1. Minimum Functionality Tests
  - Equivalent to Unit Tests in SWE
  - Consists on creating Small and focused __TEST Datasets__
  - Useful for __detecting when models use shortcuts when handling complex inputs instead of generalizing__
  - Vocabulary and PoS example
  
2. Invariance
  - Equivalent to Metamorphic tests in SWE
    ![Metamorphic test example](images/metamorphic_test.png)  
  - Add label-preserving perturbations to the input whilst expecting the same ouput
  - Capability dependent
  - Addressed to Unlabeled data
  - Examples:
    1. For Robustness -> Adding new typos
    2. For NER -> changing location
    
    ![Sentiment Analysis INV](images/test_case_b.png)

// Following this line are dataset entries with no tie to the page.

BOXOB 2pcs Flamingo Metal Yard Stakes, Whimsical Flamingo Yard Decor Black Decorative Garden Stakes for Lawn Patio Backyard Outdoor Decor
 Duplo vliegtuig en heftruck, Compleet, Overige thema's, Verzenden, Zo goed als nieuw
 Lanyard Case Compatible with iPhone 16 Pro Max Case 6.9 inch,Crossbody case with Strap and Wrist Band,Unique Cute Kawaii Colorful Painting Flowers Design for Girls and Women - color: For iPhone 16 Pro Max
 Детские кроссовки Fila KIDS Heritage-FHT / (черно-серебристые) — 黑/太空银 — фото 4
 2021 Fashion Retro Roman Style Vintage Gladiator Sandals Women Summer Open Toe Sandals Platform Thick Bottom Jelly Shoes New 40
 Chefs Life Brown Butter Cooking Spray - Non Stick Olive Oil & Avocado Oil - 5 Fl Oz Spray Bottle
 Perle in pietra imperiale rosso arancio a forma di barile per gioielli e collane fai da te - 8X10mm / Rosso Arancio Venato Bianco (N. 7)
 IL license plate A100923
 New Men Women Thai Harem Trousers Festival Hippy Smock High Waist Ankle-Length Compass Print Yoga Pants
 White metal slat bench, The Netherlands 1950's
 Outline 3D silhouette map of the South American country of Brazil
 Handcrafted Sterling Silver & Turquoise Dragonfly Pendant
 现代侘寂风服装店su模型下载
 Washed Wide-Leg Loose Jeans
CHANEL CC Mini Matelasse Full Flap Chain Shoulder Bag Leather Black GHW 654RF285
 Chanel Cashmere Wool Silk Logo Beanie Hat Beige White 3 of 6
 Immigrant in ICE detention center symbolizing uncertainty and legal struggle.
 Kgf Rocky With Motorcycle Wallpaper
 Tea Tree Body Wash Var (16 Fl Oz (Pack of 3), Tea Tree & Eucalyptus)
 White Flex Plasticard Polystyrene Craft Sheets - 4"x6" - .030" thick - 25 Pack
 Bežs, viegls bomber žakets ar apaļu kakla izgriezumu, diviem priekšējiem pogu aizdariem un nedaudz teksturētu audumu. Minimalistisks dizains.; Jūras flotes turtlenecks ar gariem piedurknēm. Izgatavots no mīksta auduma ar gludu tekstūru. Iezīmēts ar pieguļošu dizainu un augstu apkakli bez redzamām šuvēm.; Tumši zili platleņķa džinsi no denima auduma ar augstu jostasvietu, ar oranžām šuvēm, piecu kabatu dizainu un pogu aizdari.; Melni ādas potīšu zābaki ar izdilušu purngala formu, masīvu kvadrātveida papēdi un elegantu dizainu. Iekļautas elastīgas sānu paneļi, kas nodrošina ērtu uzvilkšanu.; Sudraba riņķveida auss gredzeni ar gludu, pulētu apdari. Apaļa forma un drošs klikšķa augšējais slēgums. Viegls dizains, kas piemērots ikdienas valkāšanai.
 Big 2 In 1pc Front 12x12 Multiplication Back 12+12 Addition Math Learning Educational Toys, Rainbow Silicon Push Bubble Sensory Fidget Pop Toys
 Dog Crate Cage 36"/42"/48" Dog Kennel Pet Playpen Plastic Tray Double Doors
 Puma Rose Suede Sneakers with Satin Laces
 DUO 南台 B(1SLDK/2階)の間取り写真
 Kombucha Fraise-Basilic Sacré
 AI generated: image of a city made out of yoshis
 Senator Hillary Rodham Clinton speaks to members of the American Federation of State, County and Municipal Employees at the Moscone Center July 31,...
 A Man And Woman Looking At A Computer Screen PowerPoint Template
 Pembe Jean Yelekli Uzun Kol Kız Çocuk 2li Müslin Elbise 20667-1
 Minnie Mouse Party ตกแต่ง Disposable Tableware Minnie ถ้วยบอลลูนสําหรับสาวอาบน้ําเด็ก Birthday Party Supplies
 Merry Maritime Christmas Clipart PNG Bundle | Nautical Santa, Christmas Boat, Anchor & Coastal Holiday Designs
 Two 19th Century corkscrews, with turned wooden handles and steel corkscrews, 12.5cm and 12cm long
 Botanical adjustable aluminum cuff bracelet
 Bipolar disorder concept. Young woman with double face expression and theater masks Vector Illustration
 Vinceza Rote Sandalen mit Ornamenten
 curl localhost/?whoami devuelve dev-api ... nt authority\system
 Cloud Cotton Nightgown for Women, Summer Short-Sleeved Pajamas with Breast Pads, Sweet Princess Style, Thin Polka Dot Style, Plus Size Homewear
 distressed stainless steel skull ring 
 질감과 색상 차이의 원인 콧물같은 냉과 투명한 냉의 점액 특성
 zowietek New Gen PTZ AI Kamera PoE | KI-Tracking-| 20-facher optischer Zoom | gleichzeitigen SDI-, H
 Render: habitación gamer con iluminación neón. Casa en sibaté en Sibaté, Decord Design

3. Directional Expectation
  - Similar to INV test type, but label is expected to change in some way ??? <- Not very clear what it means
  - Example:
    - A sentiment does not become more positive when adding extra stuff
    ![Sentiment Analysis DIR](images/test_case_c.png)
  - Addressed to Unlabeled data


# Test Cases Generation (https://github.com/marcotcr/checklist)

1. From Scratch

  - Creativity implied
  - Will represent a solid test base

2. Perturbing an existing DS


3. Templates

    - Example:
      "I didn't love the food" -> "I {NEGATION} {POS_VERB} the {THING}" where:
      1. {NEGATION} is "can't" "didn't"...
      2. {POS_VERB} is "love", "like"...
      3. {THING} is "food", "flight", "service"...
    - Then use a cartesian product to generate all the posible test cases
    
    - Can be expanded with a masked language model like ROBERTA to generate stuff automatically
      1. e.g. "I really {mask} the flight" is filled by ROBERTA with "enjoyed", "regret", "loved"...
    ![Tool Mask](images/tool_mask.png)      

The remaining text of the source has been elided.